Nick Wall's Match Report
Oh hi again, glad to be back... especially after Ben Harmer's attempt at a match report was about as successful as a Tom Harrison's taxi journey.
Ben Harmer has less time for writing than Kanye West has for the rest of the music industry.
To be fair to him, I wouldn't have much time to write it either between adding every girl I've ever seen on Facebook and buying *pixie dust* trainers that can be seen from the moon.
Saturday started as usual for me: miserable, lonely and with my bed seeing about as much action as a nun's *unicorn*.
But this time there was a sense of missed opportunity...
On the way home on the Friday before I had the pleasure of bumping into Mr James Clapham. After he told the train how lonely I was, 2 mysterious temptresses appeared out of the masses of unwashed from the slum that is Birmingham Moor Street. Diamonds in the rough.
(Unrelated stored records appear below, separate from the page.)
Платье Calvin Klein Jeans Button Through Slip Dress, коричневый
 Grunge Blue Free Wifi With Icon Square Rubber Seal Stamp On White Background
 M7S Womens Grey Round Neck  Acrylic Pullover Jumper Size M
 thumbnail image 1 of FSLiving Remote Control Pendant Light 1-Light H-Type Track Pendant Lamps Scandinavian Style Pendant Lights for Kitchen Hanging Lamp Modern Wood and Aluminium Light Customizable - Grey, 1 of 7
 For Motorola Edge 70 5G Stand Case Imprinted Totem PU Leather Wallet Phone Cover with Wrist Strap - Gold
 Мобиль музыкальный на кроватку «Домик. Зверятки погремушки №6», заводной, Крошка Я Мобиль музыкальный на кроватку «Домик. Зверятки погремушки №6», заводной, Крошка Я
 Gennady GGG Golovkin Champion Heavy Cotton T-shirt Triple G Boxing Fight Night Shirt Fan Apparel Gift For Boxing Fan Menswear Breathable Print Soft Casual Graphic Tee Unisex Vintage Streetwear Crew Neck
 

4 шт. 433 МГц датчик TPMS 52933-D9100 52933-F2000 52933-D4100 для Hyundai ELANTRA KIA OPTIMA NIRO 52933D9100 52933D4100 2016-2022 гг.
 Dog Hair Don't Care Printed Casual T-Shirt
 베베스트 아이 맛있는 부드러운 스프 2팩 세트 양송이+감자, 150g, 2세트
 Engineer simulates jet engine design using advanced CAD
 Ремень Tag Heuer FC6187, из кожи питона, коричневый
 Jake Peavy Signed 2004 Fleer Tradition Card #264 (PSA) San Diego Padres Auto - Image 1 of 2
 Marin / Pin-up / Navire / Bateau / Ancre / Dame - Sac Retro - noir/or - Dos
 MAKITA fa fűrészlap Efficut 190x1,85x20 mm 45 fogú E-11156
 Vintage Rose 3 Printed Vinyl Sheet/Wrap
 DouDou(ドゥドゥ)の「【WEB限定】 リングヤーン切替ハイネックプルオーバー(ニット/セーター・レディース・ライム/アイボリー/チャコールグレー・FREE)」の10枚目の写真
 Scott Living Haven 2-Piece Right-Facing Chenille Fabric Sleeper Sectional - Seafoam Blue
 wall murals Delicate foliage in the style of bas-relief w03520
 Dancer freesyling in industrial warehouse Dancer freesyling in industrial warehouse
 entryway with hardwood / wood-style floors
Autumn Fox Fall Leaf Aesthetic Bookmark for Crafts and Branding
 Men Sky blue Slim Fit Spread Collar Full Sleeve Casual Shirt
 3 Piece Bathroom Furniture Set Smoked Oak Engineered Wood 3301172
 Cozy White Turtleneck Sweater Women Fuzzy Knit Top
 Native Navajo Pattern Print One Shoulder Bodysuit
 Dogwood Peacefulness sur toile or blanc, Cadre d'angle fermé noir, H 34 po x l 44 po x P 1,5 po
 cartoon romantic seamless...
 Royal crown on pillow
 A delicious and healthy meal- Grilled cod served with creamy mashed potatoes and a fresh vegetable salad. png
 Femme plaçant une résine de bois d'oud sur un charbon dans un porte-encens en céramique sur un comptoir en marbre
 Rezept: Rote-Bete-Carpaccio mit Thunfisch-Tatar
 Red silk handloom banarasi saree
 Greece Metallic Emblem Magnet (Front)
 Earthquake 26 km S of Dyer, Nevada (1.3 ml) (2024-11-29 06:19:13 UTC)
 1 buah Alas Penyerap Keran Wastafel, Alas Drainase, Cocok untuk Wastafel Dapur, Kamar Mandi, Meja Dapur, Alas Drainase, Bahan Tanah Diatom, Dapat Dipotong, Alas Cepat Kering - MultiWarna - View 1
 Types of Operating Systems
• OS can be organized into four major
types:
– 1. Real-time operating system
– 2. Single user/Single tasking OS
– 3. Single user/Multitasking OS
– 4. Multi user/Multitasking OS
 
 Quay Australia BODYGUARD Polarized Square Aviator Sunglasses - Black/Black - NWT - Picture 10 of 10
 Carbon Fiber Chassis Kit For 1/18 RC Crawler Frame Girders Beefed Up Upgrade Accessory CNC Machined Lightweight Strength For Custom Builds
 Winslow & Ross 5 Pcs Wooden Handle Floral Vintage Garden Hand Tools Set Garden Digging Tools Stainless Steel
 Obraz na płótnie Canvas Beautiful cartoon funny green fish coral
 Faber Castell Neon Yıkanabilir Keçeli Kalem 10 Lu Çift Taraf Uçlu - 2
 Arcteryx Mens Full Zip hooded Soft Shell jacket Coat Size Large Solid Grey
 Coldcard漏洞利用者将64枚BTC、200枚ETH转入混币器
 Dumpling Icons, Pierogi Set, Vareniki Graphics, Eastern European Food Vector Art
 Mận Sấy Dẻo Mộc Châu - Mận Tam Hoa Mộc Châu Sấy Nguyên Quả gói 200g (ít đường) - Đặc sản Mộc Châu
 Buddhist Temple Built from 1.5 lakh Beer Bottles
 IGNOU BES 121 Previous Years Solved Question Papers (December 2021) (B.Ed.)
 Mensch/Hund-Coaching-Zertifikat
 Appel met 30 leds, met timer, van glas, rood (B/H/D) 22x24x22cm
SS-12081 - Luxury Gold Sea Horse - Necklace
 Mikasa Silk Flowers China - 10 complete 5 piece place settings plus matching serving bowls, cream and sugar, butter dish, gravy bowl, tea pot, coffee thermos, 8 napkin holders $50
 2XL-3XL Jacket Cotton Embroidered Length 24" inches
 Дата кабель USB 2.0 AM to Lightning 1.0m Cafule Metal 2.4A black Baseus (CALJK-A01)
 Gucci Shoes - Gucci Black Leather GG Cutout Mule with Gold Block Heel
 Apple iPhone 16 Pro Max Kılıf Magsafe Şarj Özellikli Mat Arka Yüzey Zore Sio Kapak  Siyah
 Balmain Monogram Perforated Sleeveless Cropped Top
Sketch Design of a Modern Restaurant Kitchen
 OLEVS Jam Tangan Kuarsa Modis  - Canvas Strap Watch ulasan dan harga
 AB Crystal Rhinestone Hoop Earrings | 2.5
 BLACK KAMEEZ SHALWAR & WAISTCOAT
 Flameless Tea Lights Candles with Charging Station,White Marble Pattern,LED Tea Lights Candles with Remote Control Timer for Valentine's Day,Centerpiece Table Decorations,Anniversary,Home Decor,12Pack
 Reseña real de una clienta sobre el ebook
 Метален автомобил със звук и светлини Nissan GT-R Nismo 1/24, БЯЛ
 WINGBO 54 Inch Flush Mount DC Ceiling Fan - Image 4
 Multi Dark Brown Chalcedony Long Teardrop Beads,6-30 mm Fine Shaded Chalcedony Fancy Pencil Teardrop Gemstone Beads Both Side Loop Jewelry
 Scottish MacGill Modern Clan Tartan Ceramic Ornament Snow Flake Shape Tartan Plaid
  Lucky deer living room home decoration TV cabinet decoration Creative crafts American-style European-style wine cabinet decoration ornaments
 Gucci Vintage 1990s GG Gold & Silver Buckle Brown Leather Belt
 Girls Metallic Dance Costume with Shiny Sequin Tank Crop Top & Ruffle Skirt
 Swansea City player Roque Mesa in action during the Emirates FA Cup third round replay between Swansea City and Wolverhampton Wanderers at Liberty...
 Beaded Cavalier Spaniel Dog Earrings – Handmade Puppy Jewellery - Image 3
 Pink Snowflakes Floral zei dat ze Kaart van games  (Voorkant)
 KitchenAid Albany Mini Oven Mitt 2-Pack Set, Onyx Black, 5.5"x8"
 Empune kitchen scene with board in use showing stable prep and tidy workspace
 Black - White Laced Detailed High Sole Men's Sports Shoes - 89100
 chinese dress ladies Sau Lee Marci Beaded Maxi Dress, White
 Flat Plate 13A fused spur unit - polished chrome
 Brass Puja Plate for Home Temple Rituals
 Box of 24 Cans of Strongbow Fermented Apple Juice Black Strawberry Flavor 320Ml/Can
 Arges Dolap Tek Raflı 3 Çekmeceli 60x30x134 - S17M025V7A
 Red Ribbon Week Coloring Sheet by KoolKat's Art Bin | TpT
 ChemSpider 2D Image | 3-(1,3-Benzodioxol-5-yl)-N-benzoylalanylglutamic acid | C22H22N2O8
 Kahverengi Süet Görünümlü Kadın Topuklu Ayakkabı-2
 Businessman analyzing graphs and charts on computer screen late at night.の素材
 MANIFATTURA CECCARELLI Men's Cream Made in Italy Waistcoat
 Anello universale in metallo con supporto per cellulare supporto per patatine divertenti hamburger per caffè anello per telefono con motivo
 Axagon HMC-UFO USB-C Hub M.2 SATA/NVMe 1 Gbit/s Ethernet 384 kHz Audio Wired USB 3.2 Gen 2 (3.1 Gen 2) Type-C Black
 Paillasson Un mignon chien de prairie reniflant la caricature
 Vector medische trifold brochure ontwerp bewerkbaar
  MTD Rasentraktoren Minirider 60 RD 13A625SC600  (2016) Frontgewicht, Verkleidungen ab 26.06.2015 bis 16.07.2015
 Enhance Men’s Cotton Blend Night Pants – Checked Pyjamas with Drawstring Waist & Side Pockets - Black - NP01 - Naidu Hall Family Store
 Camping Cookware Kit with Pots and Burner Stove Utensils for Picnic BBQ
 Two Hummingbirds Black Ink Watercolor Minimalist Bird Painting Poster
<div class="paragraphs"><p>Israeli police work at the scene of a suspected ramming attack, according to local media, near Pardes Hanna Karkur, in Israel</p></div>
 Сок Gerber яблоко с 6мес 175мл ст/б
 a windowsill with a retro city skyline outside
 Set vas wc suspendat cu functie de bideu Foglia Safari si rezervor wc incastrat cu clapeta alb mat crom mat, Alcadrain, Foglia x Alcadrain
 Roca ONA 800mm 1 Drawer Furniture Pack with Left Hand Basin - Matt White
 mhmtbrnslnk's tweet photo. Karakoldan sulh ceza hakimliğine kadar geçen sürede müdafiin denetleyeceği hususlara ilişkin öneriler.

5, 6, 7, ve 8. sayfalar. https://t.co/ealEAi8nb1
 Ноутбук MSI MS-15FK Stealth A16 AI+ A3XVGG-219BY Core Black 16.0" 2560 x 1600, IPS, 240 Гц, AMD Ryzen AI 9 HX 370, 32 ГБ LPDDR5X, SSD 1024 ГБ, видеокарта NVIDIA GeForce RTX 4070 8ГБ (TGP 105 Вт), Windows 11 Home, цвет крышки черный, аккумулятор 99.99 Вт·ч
Using our boyish good looks and, quite frankly, 10/10 chat about loneliness we melted their cores and were subsequently begged by these two minxes to tuck into their picnic and accompany them to London. But alas we said no...
So yes, I drove to the Sils with the Smiths blaring out, making me feel optimistic that life can get better.
In the changing room there were frightening rumours that Ali Raza wasn't going to be present with us for the game and we could possibly have to endure another Matt Northcott team talk.
But, just when we thought we weren't going to be treated to 10 minutes of pure unadulterated pressing porn, Ali Raza burst through the door. Phew!
We started the game well and soon found ourselves 1-0 down in the fir... wait what!? Oh yeah, we didn't concede a hockeyness in the first 5 minutes for once. I wonder what must have changed? Maybe someone was absent or something I dunno...
We played some scintillating stuff in the first half. Ben Harmer spurned a fantastic opportunity to open the scoring and increase Patrick O'Malley's goal tally for the season.
0-0 at half-time.
Half-time was interesting. For a start we didn't gather in the goal like we normally do... despite me being already in there!
Ali Raza then viciously blamed me for dribbling too much on the right, despite having played on the left for the entire half (although "played" is a loose term).
*I had a little strop*
It was pleasant having a team talk that didn't involve James Clapham bursting into tears to be fair.
The second half was much like the first. We played some fantastic hockey up to the D but, as Luke Kent would describe it, "the forwards are doing *candy floss* all."
It was an honour being spoken about by someone who is "too good to be subbed off."
It was nice to see Ben Harmer take his "useless *unicorn*" impression when writing match reports and transferring it on to the hockey pitch.
Midway through the second half Nick Rice did his best Ben Harmer impression and had a little waaaaa waaaaa on the pitch. Extremely entertaining stuff. Keep it up Nick Rice!
Despite their goalkeeper making some nutty saves, us hitting the post and messing up two walk in goals, we still managed to keep a clean she... hahahaha I can't even say it. Of course we didn't.
We lost 1-0.
I guess the game was incredibly like my Luna conquests. Doing all the hard work, but when trying to convert chances, falling hilariously short.
I can confirm George Bayliss was spotted eating AstroTurf sand again by his fellow 2s comrades.
MoM: Etienne Blatt
Reason: Being a beast.
DoD: Nick Wall
Reason: Having enough time to write match reports. Fat *unicorn*.